- EXERCISE DESCRIPTION: Reproduce the records that follow exactly; any picture among them stays out.
★ ★ ★ ★ ★ ★ ★
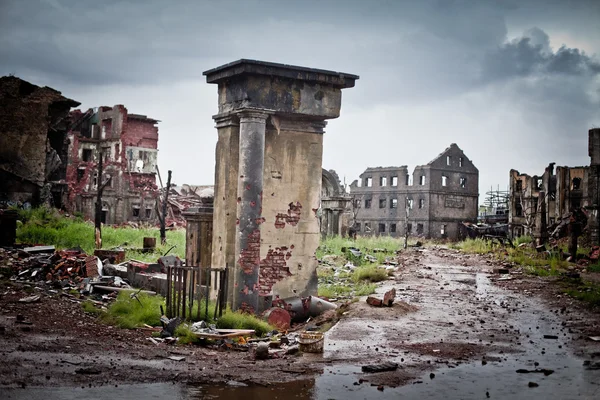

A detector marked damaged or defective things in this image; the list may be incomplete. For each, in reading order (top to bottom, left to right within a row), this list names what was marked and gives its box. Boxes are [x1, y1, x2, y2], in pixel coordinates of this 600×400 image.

burned structure [0, 76, 79, 206]
damaged wall [0, 76, 79, 206]
damaged wall [66, 104, 159, 223]
burned structure [66, 105, 159, 225]
damaged wall [204, 58, 358, 312]
burned structure [204, 59, 358, 312]
damaged wall [346, 143, 478, 239]
burned structure [346, 146, 478, 242]
burned structure [508, 128, 600, 244]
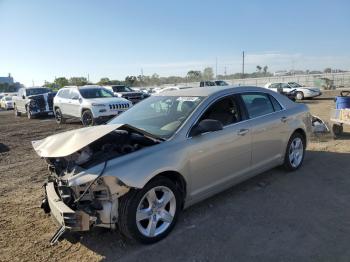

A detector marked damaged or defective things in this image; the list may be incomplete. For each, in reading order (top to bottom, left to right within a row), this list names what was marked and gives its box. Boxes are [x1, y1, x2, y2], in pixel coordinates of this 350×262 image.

crumpled hood [32, 123, 123, 158]
damaged chevrolet malibu [32, 86, 312, 244]
wrecked bumper [44, 182, 90, 231]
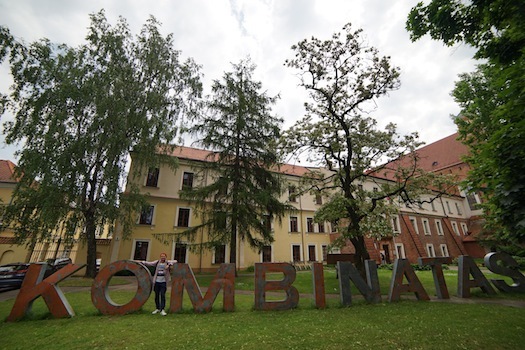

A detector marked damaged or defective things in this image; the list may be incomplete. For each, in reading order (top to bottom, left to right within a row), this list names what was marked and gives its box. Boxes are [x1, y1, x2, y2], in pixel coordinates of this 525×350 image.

rusty corten steel sign [4, 252, 524, 322]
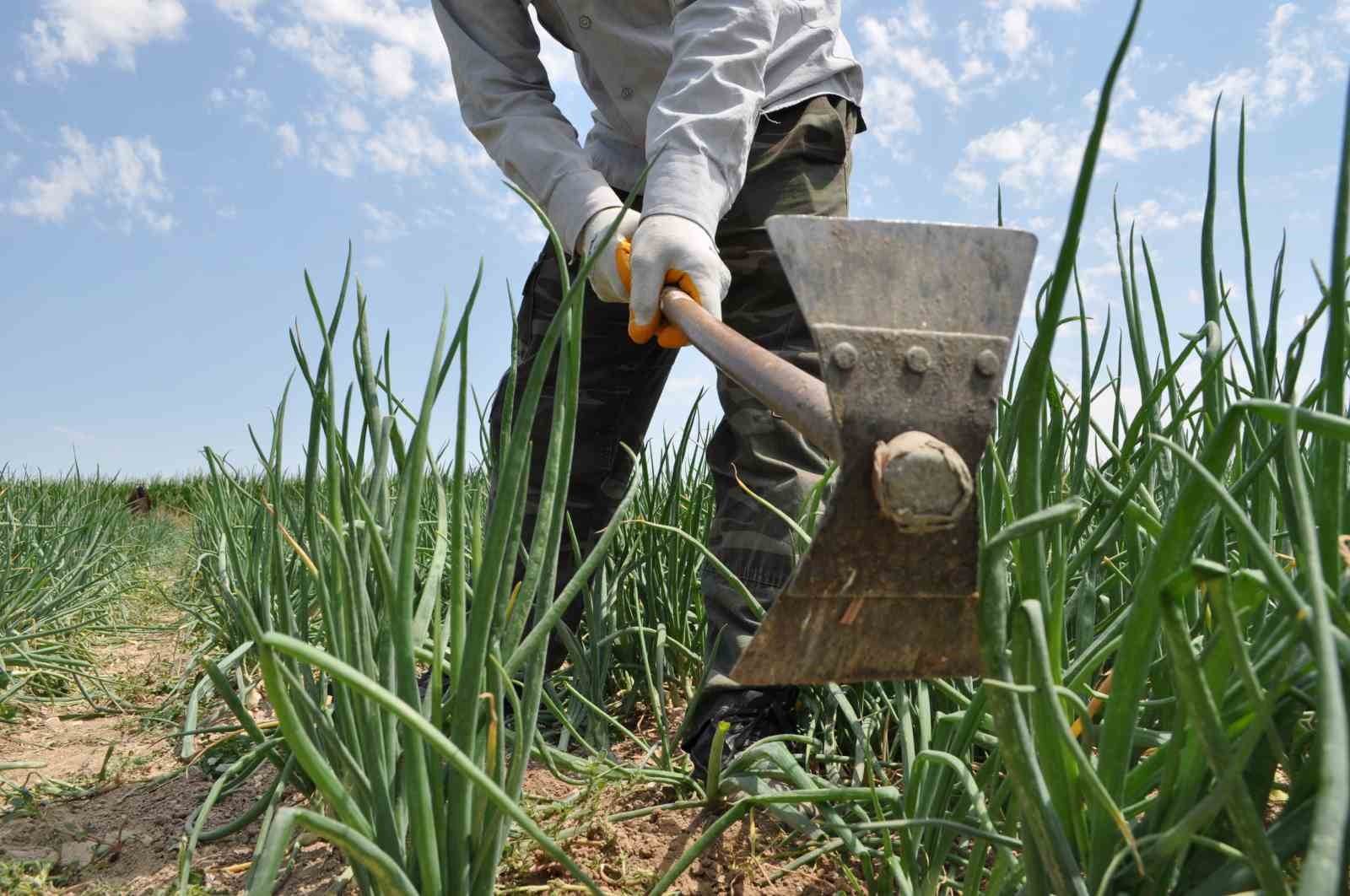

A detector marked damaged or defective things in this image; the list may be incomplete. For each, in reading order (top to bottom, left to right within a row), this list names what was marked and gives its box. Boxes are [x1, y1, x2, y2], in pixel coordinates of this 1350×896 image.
★ ★ ★ ★ ★ ★ ★
- EXPECTED ANSWER:
A detector marked damaged or defective things in this image; the list may be incomplete. For each, in reading order (top to bottom, left to right within a row), this list names what was marked and gives its box. Boxes are [x1, y1, x2, y2], in pixel coordinates of this 600×400 image.

burned structure [0, 76, 79, 206]
damaged wall [0, 76, 79, 206]
damaged wall [66, 104, 159, 223]
burned structure [66, 105, 159, 225]
damaged wall [204, 58, 358, 312]
burned structure [204, 59, 358, 312]
damaged wall [346, 143, 478, 239]
burned structure [346, 146, 478, 242]
burned structure [508, 128, 600, 244]

A detector marked damaged or defective things in this image; the list may be incomplete. For each, in reading order (top to bottom, left to right within a row), this list names what was marked and gives its box. Boxes are [x1, y1, x2, y2], in pixel coordinates of this 350×262 image.

crumpled hood [32, 123, 123, 158]
damaged chevrolet malibu [32, 86, 312, 244]
wrecked bumper [44, 182, 90, 231]

A detector marked damaged or defective things in this image; the list may be incomplete. For each, in reading order (top to bottom, left to right within a row), this list names what was marked and gives its box. Boxes are [x1, y1, x2, y2], in pixel coordinates of this 525×350 image.

rusty corten steel sign [4, 252, 524, 322]

A detector marked damaged or defective things in this image; the list may be incomplete. For each, in reading order (top to bottom, left to right within a row), this list names what was marked and gives its box. Boxes are [x1, y1, x2, y2], in pixel coordinates of this 1350×896 image.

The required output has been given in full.